Biography Lindiwe  Dovey has been Professor of Film and Screen Studies at SOAS University of London since 2019 (she joined SOAS in 2007 as a Lecturer). Since the 2022/2023 academic year she has also been the College of Humanities Deputy Dean (Research and Knowledge Exchange) and the Chair of the SOAS Research Culture Committee. From 2019 to 2025, she was the Principal Investigator of the project "African Screen Worlds: Decolonising Film and Screen Studies", which was funded by a European Research Council consolidator grant.

Lindiwe is a researcher, teacher, film curator, and filmmaker. Her most recent films are the documentaries 'Out of the Box: The Screen Worlds of Judy Kibinge' (2023) and 'From One Woman to Another: The Screen Worlds of Bongiwe Selane' (2023).

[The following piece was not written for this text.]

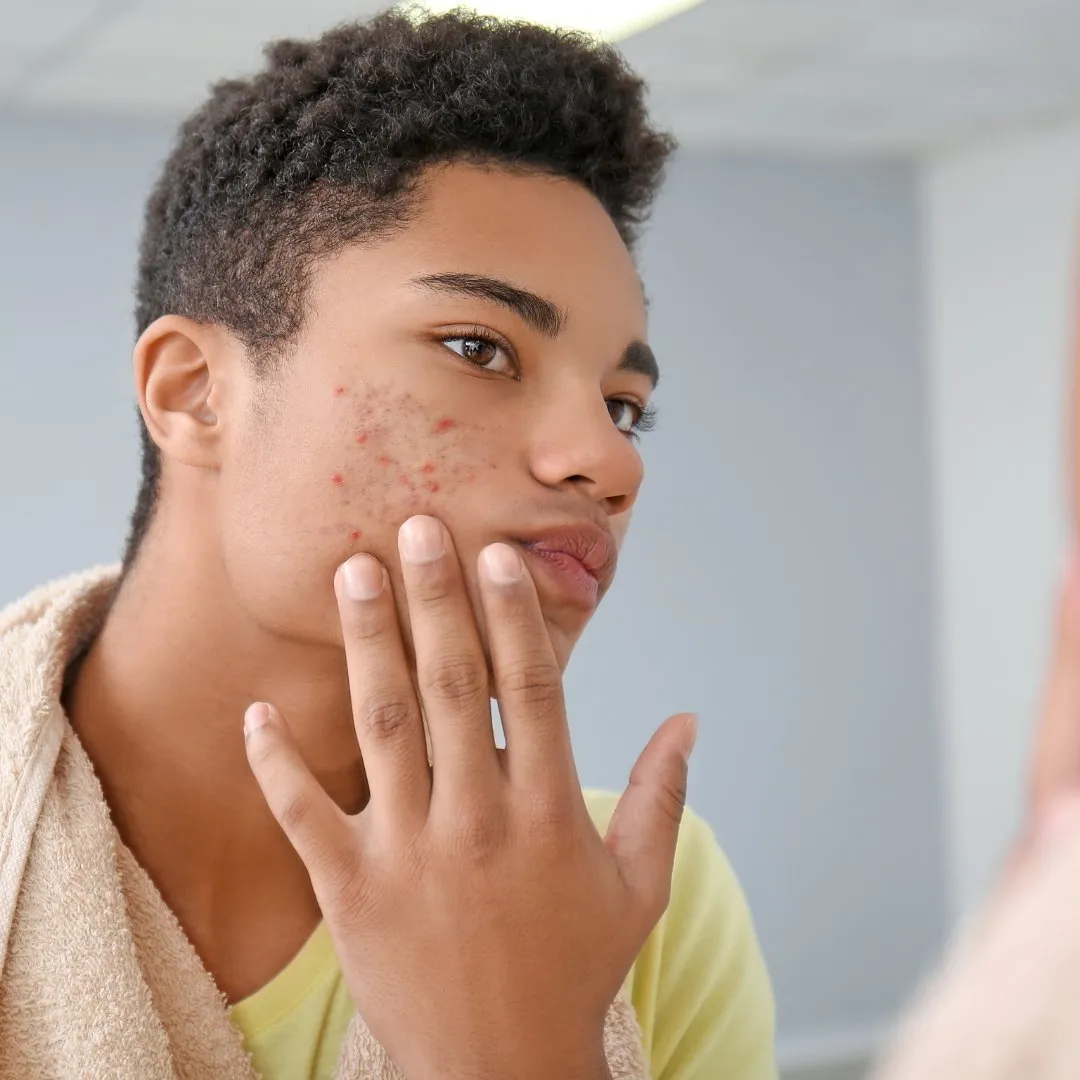 Teen Skin Care 101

These films were nominated for Best Educational Film at the 2023 Learning on Screen Awards in the UK, and have screened at festivals, events, and universities around the world (including in Nairobi, Dakar, New York, San Francisco, Los Angeles, Leeds and Bournemouth). They are available to view on the Screen Worlds website at https://screenworlds.org/films/. They explore the work of two of Africa's leading filmmakers, and are examples of Lindiwe's passion for creative practice research, and are complemented by her current written research on women filmmakers, feminist filmmaking, and ethical leadership.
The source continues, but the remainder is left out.